Talks in Belfast are concluding without securing an agreement to clear the way for the restoration of the power-sharing Executive.
Elections to the Northern Ireland Assembly may now be delayed beyond May 1st after the failure by the pro-agreement parties to secure a deal at Hillsborough Castle. The Executive has been suspended since a suspected IRA spy ring was uncovered last October.
It has just emerged that Ulster Unionist Party leader Mr David Trimble has dramatically left the talks, citing obligations in the House of Commons in London.
However, the Taoiseach, Mr Ahern, and British Prime Minister Mr Tony Blair continued to chair round table talks this evening after reporting progress at nine hours of discussions yesterday. However, a spokesman for Mr Blair said no breakthrough was likely "this side of Saint Patrick's Day".
Most of the outstanding issues, which include scaling down the huge military presence on the streets, changes to policing and the criminal justice system, have been addressed.
But demands for the IRA to empty all their secret arms dumps and republican resistance to sanctions for any future security breaches are still deadlocked.
Sinn Féin chairman Mr Mitchel McLoughlin confirmed this evening the negotiations had hit a potential stumbling block. "There was progress but there are still substantive issues that need to be resolved," he said.
Senior Ulster Unionist negotiator Mr Michael McGimpsey warned that it could be weeks before a deal was closed. He insisted that with trust in republicans running low, a mechanism had to be in place if the IRA continues its military campaign.
"The point of the exercise is to try and repair damage that has been done as a result of republican misdemeanours and we have some work still to do.
"There's work in progress but I don't expect a deal today in fact we don't expect a deal for some days or possibly weeks ahead."
Earlier, Mr Trimble said a deal may not be completed for weeks. He said he believed the talks would "peter out" without a breakthrough.
Mr Trimble said any deal would not be put to Ulster Unionists until the IRA had taken action on decommissioning and declaring that the "war is over".
"The logic of the republican position points towards them doing something.
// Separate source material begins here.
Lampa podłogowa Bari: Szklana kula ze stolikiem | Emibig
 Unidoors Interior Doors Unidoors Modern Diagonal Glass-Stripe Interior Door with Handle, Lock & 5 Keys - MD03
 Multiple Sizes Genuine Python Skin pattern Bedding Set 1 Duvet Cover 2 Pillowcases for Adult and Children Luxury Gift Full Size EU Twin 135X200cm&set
The question is: Will it be enough?," Mr Trimble asked.
"There is no question of us being able to go to the Ulster Unionist Council to look at the question of restoring institutions unless we have the clear statement from the IRA about their structure, their future, that their war is over and they have gone away," he added.
The parties have been studying a 28-page blueprint tabled by the British and Irish governments including proposals on demilitarisation, policing, criminal justice, decommissioning and IRA prisoners still at large.